** TASK INPUTS follows **

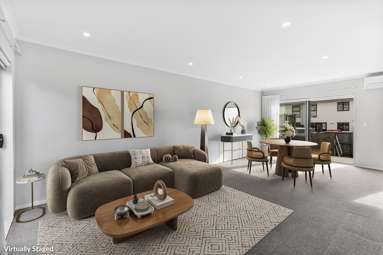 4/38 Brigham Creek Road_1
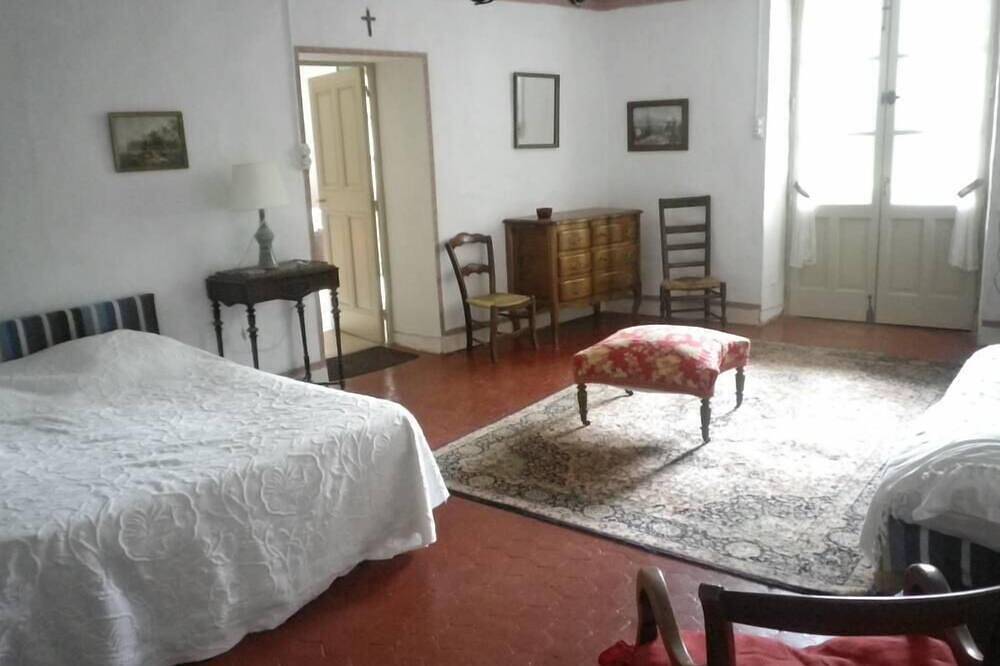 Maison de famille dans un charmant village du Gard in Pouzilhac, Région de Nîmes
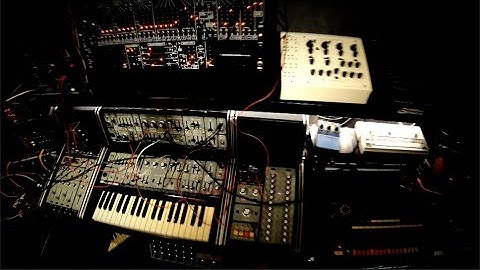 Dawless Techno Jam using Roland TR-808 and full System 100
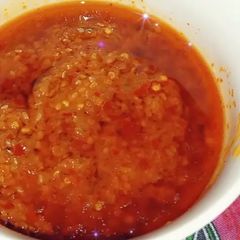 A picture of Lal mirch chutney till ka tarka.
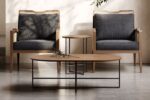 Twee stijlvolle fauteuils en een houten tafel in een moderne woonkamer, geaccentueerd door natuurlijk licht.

** End of TASK INPUTS **
** TASK INPUTS follows **

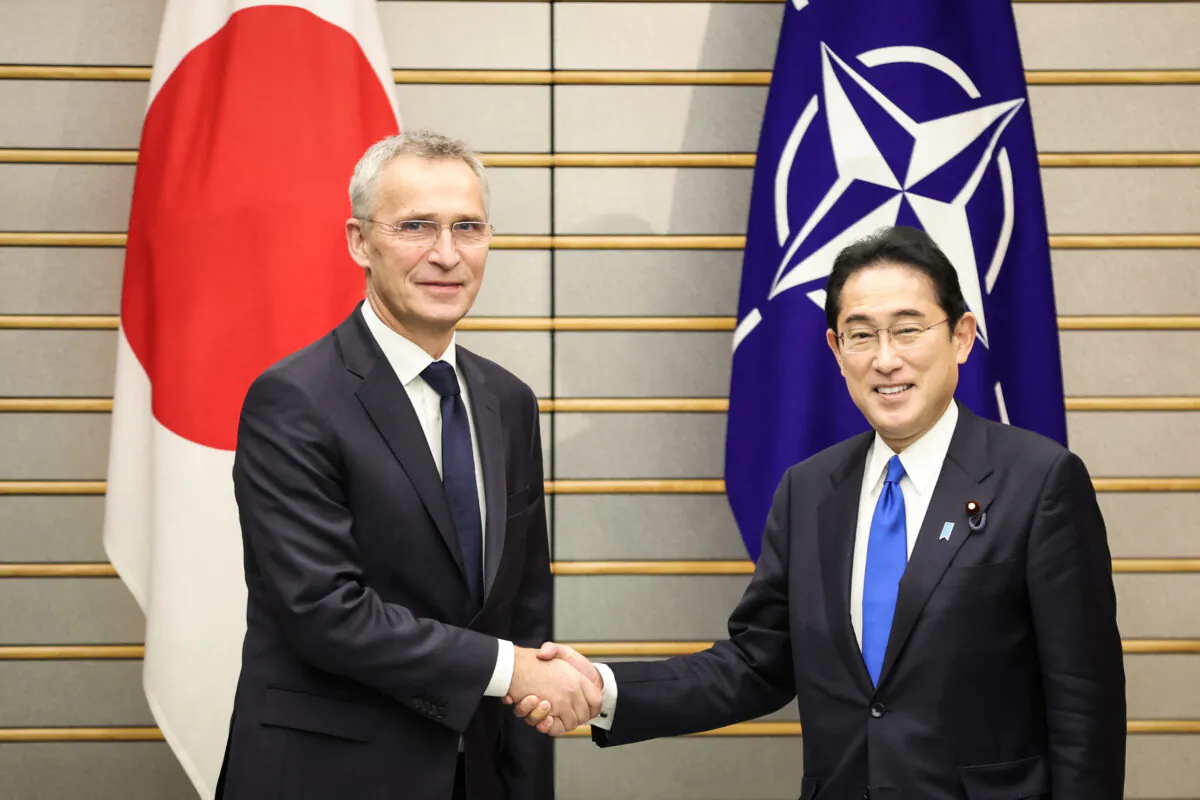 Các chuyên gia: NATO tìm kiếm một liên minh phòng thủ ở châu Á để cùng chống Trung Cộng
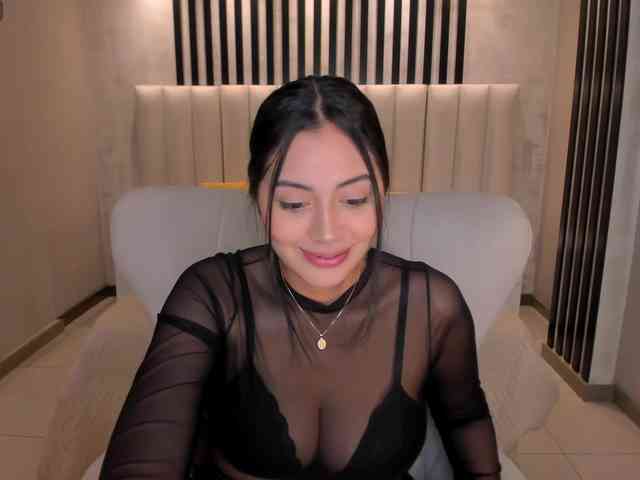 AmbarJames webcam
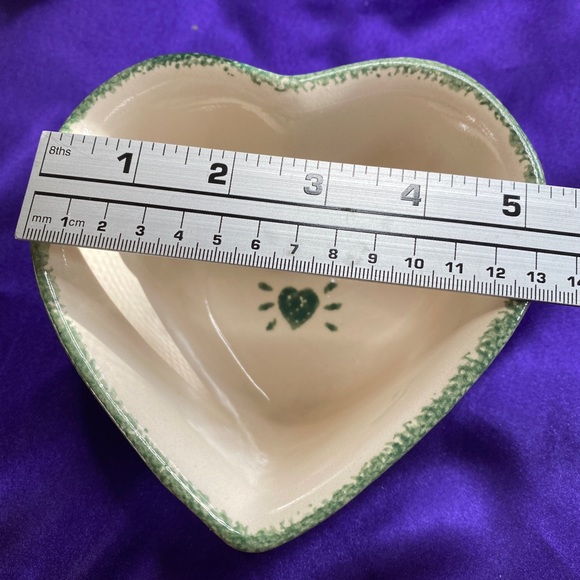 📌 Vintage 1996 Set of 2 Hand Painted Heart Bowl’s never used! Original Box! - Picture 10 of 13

** End of TASK INPUTS **

» TASK DESCRIPTION: From the data above, return only the lines starting at the line that holds "4/38 Brigham Creek Road_1" and ending at the line that holds "Twee stijlvolle fauteuils", word for word and without pictures.

» EXERCISE SOLUTION:
 4/38 Brigham Creek Road_1
 Maison de famille dans un charmant village du Gard in Pouzilhac, Région de Nîmes
 Dawless Techno Jam using Roland TR-808 and full System 100
 A picture of Lal mirch chutney till ka tarka.
 Twee stijlvolle fauteuils en een houten tafel in een moderne woonkamer, geaccentueerd door natuurlijk licht.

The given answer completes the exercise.